Durante la Prima Guerra Mondiale i soldati Kanak si ritrovarono a combattere una guerra che non li riguardava affatto. Oltre a ciò, i colonialisti francesi si impossessarono di ancora più terra per soddisfare il crescente bisogno di rifornimenti (i Kanak furono costretti a trasferirsi nelle zone di riserva dell’isola, più vicine alle montagne, occupando solo il 10% della superficie dei loro territori ancestrali, mentre la loro popolazione era diminuita drasticamente a causa delle malattie e delle loro condizioni di vita che erano diventate molto dure). Nel 1917 fu organizzata una guerriglia attorno alla figura di Noël, capo della tribù Tiamou. Questa è stata sconfitta dopo un anno. Anche Noël fu decapitato e una sessantina di altri ribelli furono condannati. Dopo questa nuova rivolta, i coloni francesi tentarono un nuovo approccio. L’obiettivo era quello di formare una “élite repubblicana Kanak” che potesse corrompere lo spirito di resistenza dall’interno.

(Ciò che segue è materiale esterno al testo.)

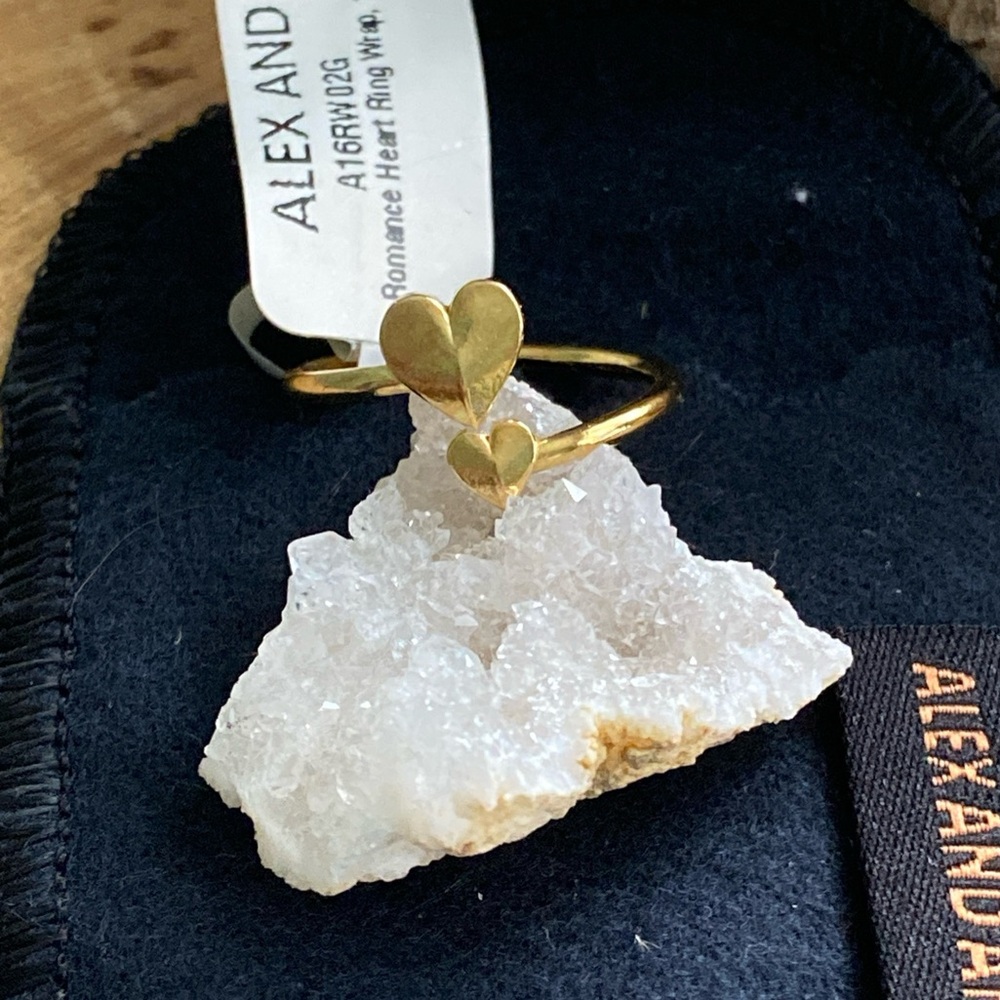 Alex and Ani Double Heart Romance Open Adjustable Ring - Gold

Nel 1931, i Kanak furono esposti come se fossero animali all’Esposizione Coloniale di Parigi. Dopo la seconda guerra mondiale lo status della Nuova Caledonia cambiò. Ufficialmente non fu più considerata una colonia e ai Kanak fu concessa la nazionalità francese. La popolazione indigena ottenne il diritto di voto nel 1957. La Nuova Caledonia divenne il terzo produttore mondiale di nichel e le autorità francesi incoraggiarono l’insediamento di cittadini francesi nel territorio. Questo afflusso di coloni ha aumentato la popolazione del 20% nella prima metà degli anni ’70. Allo stesso tempo, si stavano sviluppando idee indipendentiste, aprendo la strada a una nuova era di rivolte anticoloniali negli anni ’80: quelle che la Francia arrivò a chiamare “les évènements”.

Negli anni ’60 le rivendicazioni nazionaliste Kanak divennero più formalizzate. Gli studenti di sinistra che avevano preso parte al maggio ‘68 tornarono in Nuova Caledonia. L’attivista di estrema sinistra Nidoïsh Naisseline fondò i “Foulards Rouges” (Sciarpe rosse), mentre nel 1971 altri attivisti indipendentisti formarono il “Groupe 1878” (un riferimento alla rivolta di quell’anno). Chiesero la restituzione delle terre e vollero preservare la loro identità. Si fusero per creare il Partito di Liberazione Kanak nel 1975. Ne seguirono altri, come il Parti indépendantiste nel 1979.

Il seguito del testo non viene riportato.